--- DATA SHOWN ---
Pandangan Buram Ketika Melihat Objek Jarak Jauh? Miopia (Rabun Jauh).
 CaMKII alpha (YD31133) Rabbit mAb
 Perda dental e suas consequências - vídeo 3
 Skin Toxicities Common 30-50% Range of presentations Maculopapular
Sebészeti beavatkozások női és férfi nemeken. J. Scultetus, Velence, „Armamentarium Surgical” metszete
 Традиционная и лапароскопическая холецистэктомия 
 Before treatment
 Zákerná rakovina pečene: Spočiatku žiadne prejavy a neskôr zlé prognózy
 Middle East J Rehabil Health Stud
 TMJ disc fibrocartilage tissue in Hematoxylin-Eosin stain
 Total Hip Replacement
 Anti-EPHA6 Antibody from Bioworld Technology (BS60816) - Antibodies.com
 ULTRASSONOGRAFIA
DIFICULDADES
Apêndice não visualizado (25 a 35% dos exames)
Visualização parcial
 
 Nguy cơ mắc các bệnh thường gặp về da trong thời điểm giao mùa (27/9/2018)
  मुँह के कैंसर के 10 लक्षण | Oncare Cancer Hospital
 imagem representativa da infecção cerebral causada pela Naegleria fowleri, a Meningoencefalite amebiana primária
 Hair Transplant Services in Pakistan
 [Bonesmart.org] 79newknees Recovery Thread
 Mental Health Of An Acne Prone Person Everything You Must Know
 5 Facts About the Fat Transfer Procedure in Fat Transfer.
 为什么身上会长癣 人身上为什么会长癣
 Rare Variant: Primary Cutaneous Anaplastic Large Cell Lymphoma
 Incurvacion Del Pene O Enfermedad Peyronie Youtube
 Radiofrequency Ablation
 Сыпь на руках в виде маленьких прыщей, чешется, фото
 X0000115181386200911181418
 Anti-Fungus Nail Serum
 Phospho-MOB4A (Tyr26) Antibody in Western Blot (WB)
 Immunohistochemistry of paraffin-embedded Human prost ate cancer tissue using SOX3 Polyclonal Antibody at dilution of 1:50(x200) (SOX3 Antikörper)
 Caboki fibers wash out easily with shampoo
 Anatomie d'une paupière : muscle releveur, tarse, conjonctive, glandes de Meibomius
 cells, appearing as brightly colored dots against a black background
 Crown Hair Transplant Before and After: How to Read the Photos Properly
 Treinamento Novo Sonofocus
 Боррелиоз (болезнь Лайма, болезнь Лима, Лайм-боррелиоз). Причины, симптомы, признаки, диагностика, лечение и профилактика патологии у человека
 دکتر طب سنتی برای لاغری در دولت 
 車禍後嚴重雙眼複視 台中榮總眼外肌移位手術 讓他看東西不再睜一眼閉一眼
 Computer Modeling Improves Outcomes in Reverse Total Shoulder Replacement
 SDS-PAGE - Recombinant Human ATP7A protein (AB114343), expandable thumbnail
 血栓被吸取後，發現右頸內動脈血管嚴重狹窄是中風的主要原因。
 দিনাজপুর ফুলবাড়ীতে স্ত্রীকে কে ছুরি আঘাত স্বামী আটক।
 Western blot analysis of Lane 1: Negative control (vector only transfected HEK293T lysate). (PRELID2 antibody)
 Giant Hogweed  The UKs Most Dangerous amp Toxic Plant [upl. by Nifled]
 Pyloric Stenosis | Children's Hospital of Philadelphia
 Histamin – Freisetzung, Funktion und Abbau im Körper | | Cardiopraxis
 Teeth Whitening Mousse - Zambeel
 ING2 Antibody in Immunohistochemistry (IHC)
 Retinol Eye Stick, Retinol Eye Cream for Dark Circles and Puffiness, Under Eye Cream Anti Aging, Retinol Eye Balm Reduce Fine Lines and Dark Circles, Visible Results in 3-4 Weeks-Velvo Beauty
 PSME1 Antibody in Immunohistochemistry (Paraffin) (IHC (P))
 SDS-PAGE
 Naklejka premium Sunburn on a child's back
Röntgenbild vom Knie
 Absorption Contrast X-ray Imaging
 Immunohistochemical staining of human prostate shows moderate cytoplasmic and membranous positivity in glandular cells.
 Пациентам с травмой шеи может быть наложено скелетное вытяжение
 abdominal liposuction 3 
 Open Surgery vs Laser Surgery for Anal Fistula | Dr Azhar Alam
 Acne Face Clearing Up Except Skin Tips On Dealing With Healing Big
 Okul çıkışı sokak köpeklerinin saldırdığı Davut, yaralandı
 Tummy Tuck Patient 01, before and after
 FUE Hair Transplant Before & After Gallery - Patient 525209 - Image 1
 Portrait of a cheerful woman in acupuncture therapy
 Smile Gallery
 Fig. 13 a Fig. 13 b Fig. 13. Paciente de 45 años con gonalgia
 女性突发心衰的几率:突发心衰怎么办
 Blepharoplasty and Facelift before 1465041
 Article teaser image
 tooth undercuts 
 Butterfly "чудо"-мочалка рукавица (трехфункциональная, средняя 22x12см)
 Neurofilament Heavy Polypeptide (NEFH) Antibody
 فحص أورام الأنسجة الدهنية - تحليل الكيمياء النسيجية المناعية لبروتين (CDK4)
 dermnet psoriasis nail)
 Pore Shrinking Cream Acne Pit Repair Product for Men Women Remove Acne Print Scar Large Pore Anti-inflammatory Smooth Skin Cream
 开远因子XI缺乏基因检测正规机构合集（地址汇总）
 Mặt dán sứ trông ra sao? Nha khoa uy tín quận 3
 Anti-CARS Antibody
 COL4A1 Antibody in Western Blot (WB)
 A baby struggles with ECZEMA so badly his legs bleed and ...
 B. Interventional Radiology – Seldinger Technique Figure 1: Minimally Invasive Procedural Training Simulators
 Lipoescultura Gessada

--- WHAT IS EXPECTED ---
Should a line in the material contain "Hair", copy it.

--- EXERCISE ANSWER ---
 Hair Transplant Services in Pakistan
 Crown Hair Transplant Before and After: How to Read the Photos Properly
 FUE Hair Transplant Before & After Gallery - Patient 525209 - Image 1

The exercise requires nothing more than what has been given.